Cop Town - Stadt der Angst
von Karin Slaughter

Die Amerikanerin Karin Slaughter kennt man hierzulande als Autorin der Grant County- und Will Trent-Reihe, die beide in den Südstaaten spielen. Mit ihrer neuesten Veröffentlichung  „Cop Town“ verlässt sie eingetretene Pfade, denn dieses Buch ist weit mehr als ein Krimi bzw. Thriller. Zwar gilt es einen Cop Killer unschädlich zu machen, aber der Fokus des Romans liegt für mich eindeutig auf der Beschreibung der gesellschaftlichen Zustände im amerikanischen Süden Mitte der siebziger Jahre. Und hier legt die Autorin  gleich den Finger auf mehrere Wunden.

Handlungsort ist Atlanta, Hauptstadt des Bundesstaates Georgia (nebenbei bemerkt, hier wurde Karin Slaughter 1971 geboren). Wir schreiben das Jahr 1974, ein bedeutendes Jahr, denn zum ersten Mal wird mit Maynard Jackson ein hohes öffentliches Amt (Bürgermeister) mit einem Afroamerikaner besetzt. Die Zeichen stehen auf Veränderung, von denen nicht nur das Verhältnis zwischen schwarz und weiß, sondern auch das Verhältnis zwischen den Geschlechtern betroffen ist. Es scheint zwar, als würde endlich Bewegung in diese streng patriarchalisch ausgerichtete Gesellschaft mit ihren verkrusteten Strukturen kommen. Aber wenn man genau hinschaut, gestaltet sich der Alltag für die Bevölkerungsgruppen, die seit jeher gering geschätzt und entsprechend behandelt werden, nicht wirklich anders.

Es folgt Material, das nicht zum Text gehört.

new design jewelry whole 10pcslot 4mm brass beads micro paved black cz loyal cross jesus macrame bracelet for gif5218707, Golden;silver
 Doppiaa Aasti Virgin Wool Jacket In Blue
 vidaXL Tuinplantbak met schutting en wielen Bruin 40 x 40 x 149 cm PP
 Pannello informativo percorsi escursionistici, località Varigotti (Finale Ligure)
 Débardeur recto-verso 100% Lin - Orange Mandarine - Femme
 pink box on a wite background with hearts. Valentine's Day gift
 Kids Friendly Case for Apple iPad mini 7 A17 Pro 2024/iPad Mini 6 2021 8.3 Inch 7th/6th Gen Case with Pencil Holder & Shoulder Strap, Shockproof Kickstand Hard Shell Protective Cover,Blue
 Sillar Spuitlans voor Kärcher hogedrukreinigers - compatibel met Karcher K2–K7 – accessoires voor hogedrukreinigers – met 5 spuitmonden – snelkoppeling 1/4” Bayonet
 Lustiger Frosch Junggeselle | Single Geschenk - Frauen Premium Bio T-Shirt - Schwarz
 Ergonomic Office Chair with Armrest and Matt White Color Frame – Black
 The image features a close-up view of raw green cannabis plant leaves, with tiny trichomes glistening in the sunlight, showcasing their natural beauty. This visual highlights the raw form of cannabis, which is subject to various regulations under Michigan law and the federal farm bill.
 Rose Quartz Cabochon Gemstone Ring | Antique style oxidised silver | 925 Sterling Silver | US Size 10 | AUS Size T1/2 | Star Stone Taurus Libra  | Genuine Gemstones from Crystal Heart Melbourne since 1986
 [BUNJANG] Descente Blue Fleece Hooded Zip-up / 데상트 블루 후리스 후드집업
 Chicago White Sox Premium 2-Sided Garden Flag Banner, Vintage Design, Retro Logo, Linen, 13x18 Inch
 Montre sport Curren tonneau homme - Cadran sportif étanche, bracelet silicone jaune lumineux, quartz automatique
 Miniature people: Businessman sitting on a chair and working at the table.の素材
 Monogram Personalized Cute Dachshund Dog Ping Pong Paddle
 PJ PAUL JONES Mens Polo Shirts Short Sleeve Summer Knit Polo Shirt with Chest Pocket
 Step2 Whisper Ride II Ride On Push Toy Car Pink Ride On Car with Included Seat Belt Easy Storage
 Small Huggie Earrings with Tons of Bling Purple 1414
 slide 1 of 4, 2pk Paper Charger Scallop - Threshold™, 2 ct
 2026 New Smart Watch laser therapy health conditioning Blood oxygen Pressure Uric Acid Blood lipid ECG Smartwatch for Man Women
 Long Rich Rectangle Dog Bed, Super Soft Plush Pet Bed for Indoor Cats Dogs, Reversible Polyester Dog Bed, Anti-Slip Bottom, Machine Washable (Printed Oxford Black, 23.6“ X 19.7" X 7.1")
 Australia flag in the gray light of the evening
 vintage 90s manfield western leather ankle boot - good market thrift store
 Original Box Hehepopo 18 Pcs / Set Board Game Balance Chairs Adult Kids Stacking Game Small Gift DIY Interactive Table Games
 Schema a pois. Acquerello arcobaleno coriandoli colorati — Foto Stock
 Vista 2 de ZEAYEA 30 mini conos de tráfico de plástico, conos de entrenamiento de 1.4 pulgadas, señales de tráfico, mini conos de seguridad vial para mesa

Auch im Atlanta Police Department ist es noch immer die alte Garde, die das Sagen hat und die Richtung vorgibt. Zwar dürfen mittlerweile auch Frauen in den Polizeidienst eintreten, aber sie werden bis aufs Blut von ihren männlichen Kollegen schikaniert. Das müssen auch Kate Murphy und ihre Partnerin Maggie Lawson leidvoll erfahren, die sich täglich mit anzüglichen Bemerkungen, derben Späßen und sexuellen Belästigungen auf dem Revier auseinandersetzen müssen. Aber es sind nicht nur die weiblichen Polizisten, auch Afroamerikaner haben ebenfalls unter der Engstirnigkeit und den Vorurteilen ihrer weißen Kollegen zu leiden. Gewalt prägt den Alltag und den Umgang nicht nur untereinander in der Truppe, sondern auch auf den Straßen, wenn Streife gefahren wird. Das Department regelt seine Angelegenheiten selbst und macht sich seine eigenen Gesetze. Und wehe, es kommt ihnen jemand in die Quere…

„Cop Town“ ist meiner Meinung nach einer der beste Thrillern, die Karin Slaughter bisher geschrieben hat: die intensive Beschreibung der gesellschaftlichen Verhältnisse in den Südstaaten, die atmosphärisch dichten Schilderungen des Lebens in den Ghettos, die detailliert ausgearbeiteten Charaktere, insbesondere die beiden Protagonistinnen Kate und Maggie, und eine spannende Handlung, die durch die verschiedenen Wendungen zu keinem Zeitpunkt langweilt. Großes Kino!